El padre Lou estaba furioso. Después de tener allí al FBI el día anterior buscando a Benji, no podía creer que la directora hubiera dejado que el joven se marchara sin hablar del asunto con él.
– Intentamos que éste sea un lugar seguro. Si cualquiera puede venir y llevarse a un chico sin que ustedes se inmuten, ¿cómo vamos a impedir que secuestradores, pandilleros y demás perturben nuestra tranquilidad?
La directora se puso roja y se enfadó, ¿por qué tenía ella que saber que una chica a la que Benji se alegraba tanto de ver representaba un peligro?

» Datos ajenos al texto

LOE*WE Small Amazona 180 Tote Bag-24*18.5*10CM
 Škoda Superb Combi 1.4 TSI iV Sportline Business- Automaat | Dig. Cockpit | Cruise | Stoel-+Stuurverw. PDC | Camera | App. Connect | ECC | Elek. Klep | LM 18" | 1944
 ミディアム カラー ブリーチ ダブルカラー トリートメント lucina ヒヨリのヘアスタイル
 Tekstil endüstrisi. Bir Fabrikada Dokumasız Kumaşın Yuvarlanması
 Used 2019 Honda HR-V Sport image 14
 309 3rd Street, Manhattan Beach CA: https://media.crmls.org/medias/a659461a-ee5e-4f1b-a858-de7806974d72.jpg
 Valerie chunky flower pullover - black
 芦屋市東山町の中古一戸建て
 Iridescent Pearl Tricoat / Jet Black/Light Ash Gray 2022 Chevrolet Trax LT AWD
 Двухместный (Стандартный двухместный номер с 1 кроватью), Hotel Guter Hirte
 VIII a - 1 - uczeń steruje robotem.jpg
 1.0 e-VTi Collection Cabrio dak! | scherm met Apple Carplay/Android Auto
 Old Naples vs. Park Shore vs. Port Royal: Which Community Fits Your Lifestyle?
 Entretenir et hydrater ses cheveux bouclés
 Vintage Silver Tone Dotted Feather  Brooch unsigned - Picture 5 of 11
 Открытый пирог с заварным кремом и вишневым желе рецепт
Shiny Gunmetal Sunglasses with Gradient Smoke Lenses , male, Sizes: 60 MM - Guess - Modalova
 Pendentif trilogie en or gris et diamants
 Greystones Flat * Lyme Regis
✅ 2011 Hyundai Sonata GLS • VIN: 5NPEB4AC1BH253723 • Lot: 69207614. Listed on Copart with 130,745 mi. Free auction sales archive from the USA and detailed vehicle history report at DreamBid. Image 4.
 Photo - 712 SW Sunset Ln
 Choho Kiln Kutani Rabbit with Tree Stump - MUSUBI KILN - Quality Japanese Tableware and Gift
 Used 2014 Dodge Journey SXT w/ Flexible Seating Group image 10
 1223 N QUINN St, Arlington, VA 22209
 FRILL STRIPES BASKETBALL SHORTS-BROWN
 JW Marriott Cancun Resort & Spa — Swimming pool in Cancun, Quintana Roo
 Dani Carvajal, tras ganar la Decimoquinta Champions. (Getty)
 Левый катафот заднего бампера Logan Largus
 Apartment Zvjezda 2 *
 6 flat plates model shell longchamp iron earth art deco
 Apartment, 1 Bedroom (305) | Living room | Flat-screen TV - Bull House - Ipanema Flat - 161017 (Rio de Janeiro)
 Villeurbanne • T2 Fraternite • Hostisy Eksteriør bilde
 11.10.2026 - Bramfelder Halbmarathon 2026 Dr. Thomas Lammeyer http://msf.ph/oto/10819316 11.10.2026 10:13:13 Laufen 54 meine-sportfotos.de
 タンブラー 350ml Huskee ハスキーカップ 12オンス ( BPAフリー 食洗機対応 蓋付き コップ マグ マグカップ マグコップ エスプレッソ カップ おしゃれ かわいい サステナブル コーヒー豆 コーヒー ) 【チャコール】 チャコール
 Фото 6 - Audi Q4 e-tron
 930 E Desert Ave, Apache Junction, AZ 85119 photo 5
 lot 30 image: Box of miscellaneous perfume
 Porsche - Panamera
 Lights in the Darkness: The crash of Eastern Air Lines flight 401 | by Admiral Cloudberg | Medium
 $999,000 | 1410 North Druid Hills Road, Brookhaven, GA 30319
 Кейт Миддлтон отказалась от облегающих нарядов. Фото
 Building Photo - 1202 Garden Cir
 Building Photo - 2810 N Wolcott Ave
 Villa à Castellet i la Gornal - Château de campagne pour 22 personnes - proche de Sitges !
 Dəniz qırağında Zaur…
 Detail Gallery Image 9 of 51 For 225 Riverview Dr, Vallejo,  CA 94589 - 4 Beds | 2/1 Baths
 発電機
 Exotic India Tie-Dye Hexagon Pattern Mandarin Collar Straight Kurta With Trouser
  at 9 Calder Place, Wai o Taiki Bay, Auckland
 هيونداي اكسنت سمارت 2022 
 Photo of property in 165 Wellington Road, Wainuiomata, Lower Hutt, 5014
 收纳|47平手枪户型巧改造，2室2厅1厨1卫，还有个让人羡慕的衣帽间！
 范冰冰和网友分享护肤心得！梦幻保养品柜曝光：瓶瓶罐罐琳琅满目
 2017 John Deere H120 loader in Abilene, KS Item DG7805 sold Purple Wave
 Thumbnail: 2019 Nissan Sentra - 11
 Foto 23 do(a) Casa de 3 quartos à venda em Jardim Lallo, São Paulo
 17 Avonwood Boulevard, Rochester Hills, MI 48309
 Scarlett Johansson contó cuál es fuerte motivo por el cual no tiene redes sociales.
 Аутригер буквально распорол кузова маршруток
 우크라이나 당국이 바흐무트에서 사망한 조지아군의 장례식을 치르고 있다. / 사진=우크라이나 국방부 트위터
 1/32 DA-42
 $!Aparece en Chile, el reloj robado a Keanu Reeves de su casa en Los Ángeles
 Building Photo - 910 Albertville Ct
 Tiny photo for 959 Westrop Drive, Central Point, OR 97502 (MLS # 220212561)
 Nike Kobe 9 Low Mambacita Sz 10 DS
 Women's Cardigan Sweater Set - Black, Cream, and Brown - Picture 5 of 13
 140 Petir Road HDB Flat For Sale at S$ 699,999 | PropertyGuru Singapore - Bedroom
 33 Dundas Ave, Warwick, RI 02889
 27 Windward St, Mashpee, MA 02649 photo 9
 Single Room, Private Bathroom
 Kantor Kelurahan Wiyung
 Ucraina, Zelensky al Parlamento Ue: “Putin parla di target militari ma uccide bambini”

Si el padre Lou quería dirigir el colegio, que se hiciera cargo del puesto; ella estaría encantada de dimitir en ese mismo momento.
La cara colorada de la directora se fragmentó en una serie de líneas onduladas, su boca se abría y cerraba como si fuera una marioneta. Los armarios que tenía detrás comenzaron a moverse con las mismas ondas vacilantes. Me pareció tan gracioso que me eché a reír. El suelo comenzó a moverse igualmente, lo que encontré también muy divertido, y todavía estaba riéndome cuando me desplomé.
Tenía la cabeza húmeda. El padre Lou me estaba secando el agua del cuello y de la cara con una áspera toalla de gimnasio.
– No te me desmayes, muchacha. Necesitamos un cerebro que funcione además del mío. Incorpórate y recupera las fuerzas.
Me incorporé. El cura me puso de pie con un suave resoplido. Una mujer de sesenta y cinco kilos no es nada para un antiguo boxeador. Me llevó una taza a los labios y tragué un poco de té caliente, me atraganté y luego bebí el resto. Coloqué la cabeza entre las piernas y puse en un cierto orden los fragmentos grises de mi nebulosa mente.
– ¿Adónde iría la chica? -Me hablaba con brusquedad para que me concentrara.
– Depende en parte de por qué ha huido. -Me temblaba la voz; conseguí controlarla y continué-: Esta mañana se puso histérica cuando le pedí que hablara con Benji. También le sugerí que se confiara a su abuela. Sólo espero que no haya hecho caso de ese consejo.
Saqué el móvil y llamé al apartamento de los Bayard. Contestó Elsbetta.